Data to examine:

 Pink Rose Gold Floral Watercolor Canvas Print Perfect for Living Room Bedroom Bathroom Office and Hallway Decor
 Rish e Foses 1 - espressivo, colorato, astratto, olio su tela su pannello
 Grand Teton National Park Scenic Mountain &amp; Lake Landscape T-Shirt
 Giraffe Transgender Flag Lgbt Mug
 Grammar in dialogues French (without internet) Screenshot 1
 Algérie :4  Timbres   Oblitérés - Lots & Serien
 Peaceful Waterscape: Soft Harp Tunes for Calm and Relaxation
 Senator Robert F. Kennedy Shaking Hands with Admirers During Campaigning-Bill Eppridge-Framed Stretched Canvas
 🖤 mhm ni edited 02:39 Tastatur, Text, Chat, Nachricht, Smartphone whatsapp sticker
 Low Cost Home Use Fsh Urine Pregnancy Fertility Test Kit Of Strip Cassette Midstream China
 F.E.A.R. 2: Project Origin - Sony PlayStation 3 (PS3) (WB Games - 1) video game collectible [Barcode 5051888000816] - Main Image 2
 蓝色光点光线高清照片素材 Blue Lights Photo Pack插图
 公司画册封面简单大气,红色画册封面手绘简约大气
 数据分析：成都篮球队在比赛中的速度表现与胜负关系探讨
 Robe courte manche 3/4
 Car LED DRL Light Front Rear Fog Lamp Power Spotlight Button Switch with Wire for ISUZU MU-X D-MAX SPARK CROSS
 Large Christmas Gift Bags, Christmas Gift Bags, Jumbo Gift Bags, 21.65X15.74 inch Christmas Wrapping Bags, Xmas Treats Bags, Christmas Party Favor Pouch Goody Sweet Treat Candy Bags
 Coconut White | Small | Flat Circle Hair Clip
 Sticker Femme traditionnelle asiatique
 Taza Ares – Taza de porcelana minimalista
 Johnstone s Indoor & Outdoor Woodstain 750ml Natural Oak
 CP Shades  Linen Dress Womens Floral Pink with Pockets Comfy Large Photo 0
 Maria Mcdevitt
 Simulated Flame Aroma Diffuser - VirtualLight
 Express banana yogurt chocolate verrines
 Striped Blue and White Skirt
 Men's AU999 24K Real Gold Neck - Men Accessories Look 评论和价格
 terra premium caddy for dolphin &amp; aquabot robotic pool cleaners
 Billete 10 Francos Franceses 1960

The problem: Copy the entries above exactly, but only from the line holding "数据分析：成都篮球队在比赛中的速度表现与胜负关系探讨" through the line holding "Sticker Femme traditionnelle asiatique", both included.

Exercise result:
 数据分析：成都篮球队在比赛中的速度表现与胜负关系探讨
 Robe courte manche 3/4
 Car LED DRL Light Front Rear Fog Lamp Power Spotlight Button Switch with Wire for ISUZU MU-X D-MAX SPARK CROSS
 Large Christmas Gift Bags, Christmas Gift Bags, Jumbo Gift Bags, 21.65X15.74 inch Christmas Wrapping Bags, Xmas Treats Bags, Christmas Party Favor Pouch Goody Sweet Treat Candy Bags
 Coconut White | Small | Flat Circle Hair Clip
 Sticker Femme traditionnelle asiatique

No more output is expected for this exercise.